**What the exercise asks:** Your response to the data below should hold nothing except the lines from the one containing "レオパレスＥＩＧＨＴ 1" down to the one containing "Used 2023 Audi", reproduced exactly and without pictures.

--- Listed records ---

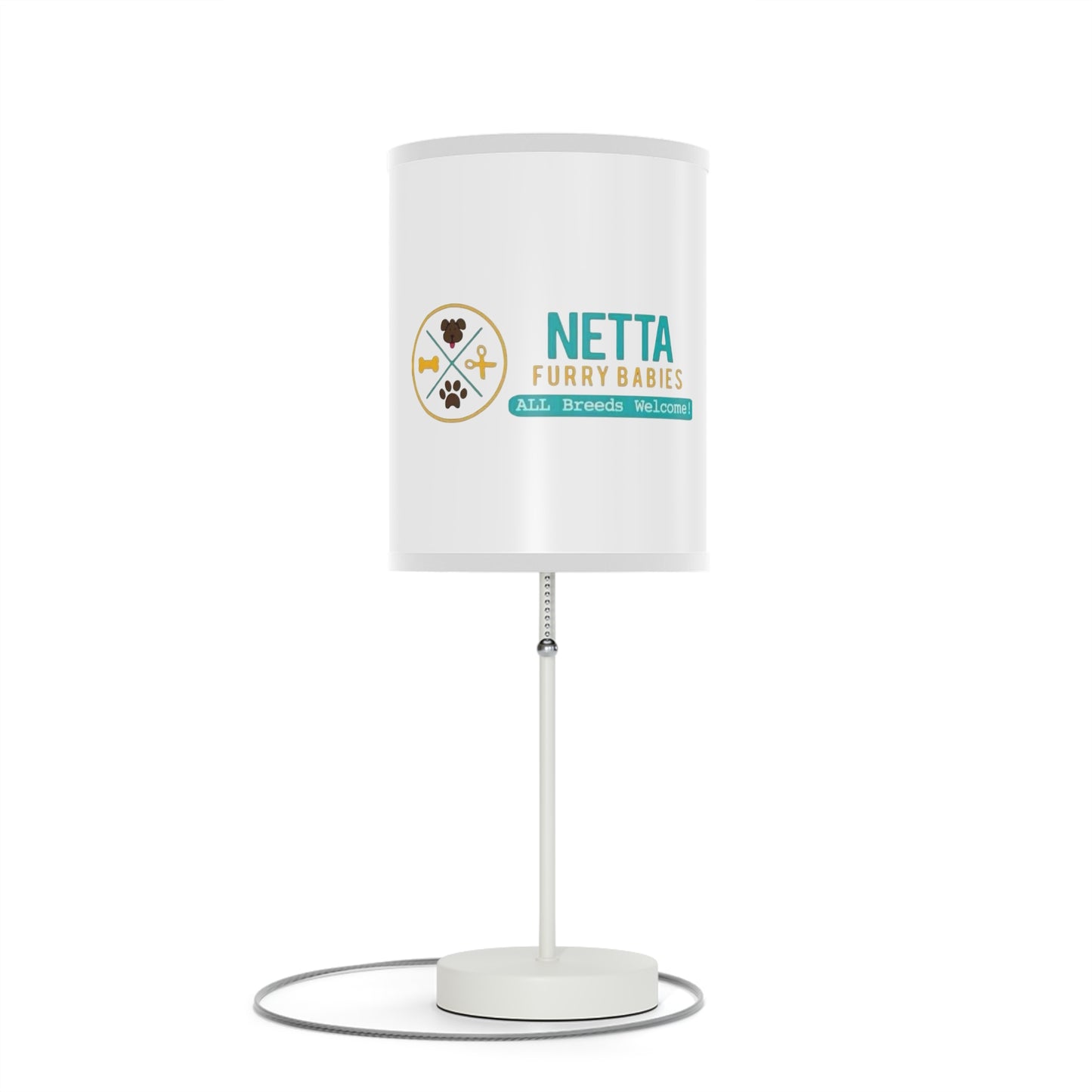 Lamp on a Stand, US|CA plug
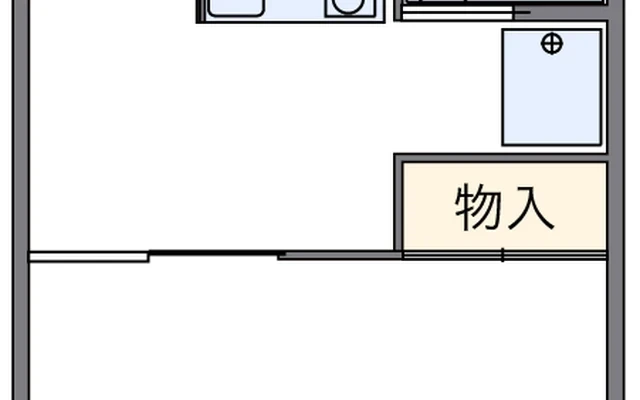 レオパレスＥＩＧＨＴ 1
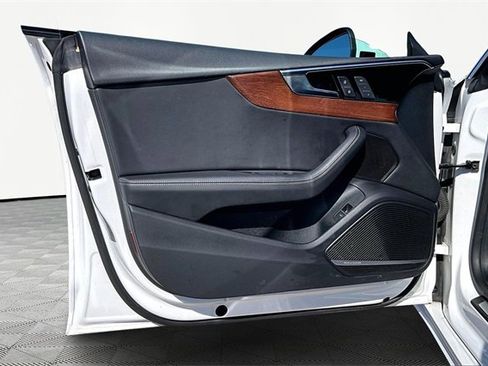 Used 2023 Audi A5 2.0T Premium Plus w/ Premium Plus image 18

---
--- Listed records ---

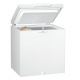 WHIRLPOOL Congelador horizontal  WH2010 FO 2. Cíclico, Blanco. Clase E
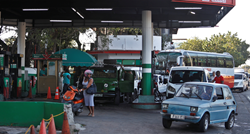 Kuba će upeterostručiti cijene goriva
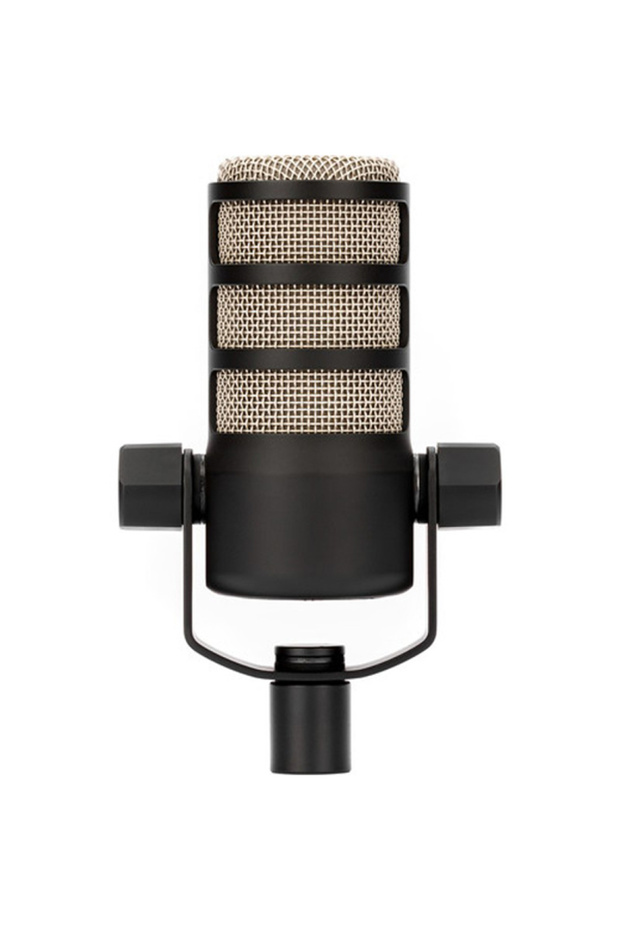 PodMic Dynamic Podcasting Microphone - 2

---
--- Listed records ---

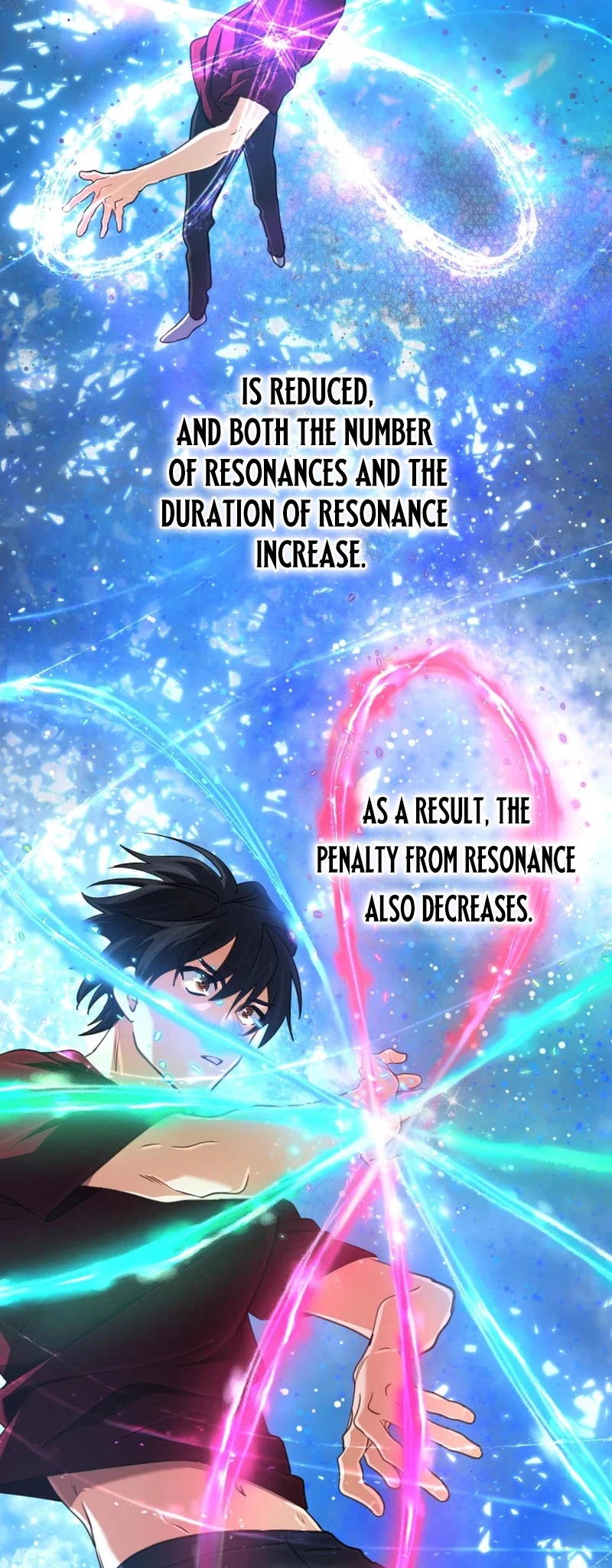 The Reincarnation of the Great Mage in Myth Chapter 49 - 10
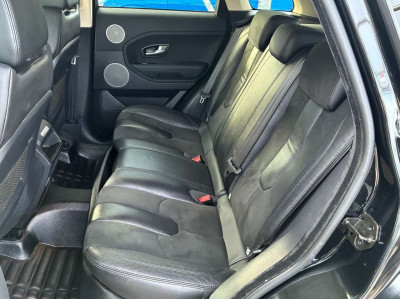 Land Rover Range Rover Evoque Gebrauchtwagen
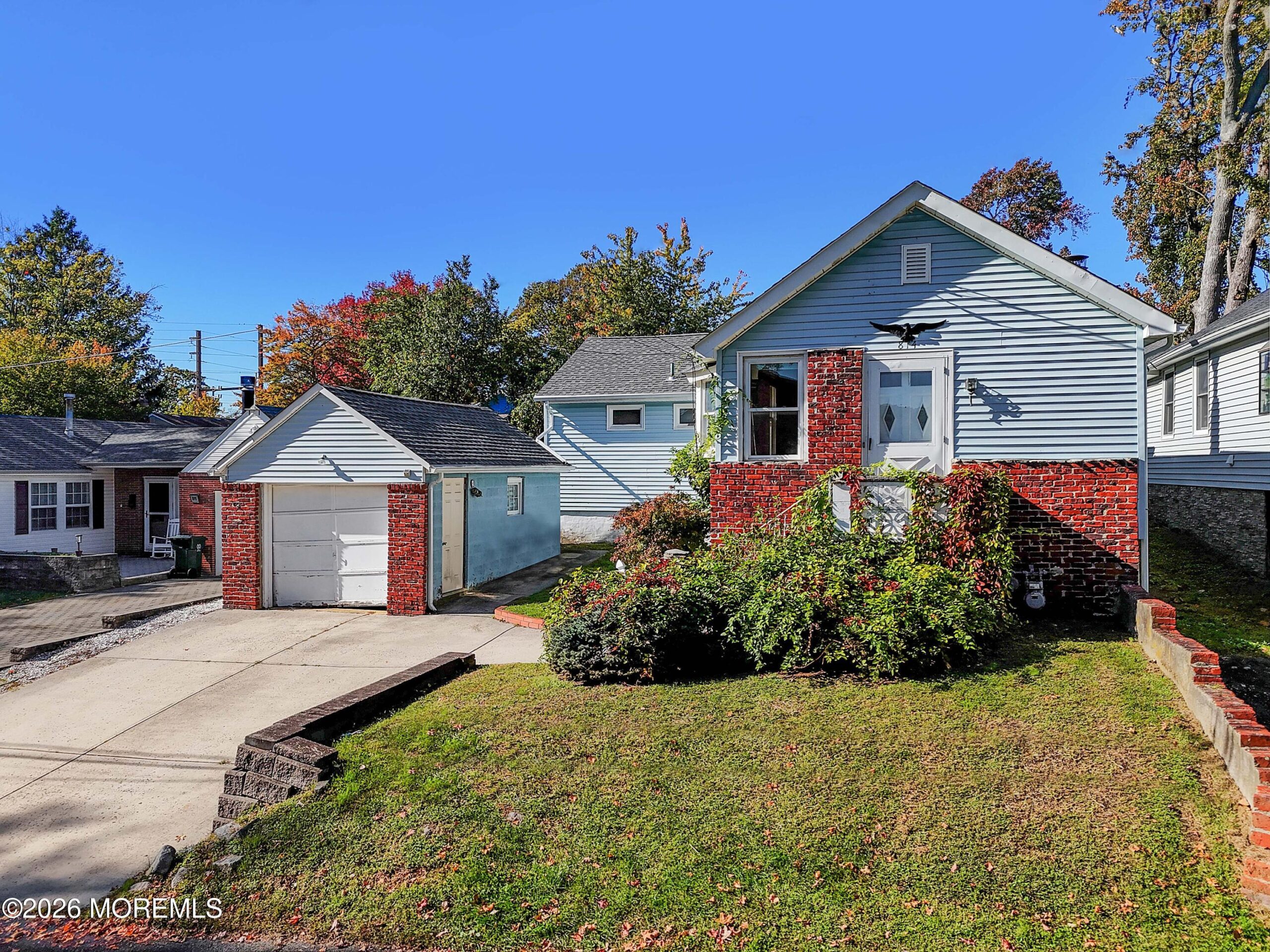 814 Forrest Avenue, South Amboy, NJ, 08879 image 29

---

**Expected answer:**
 レオパレスＥＩＧＨＴ 1
 Used 2023 Audi A5 2.0T Premium Plus w/ Premium Plus image 18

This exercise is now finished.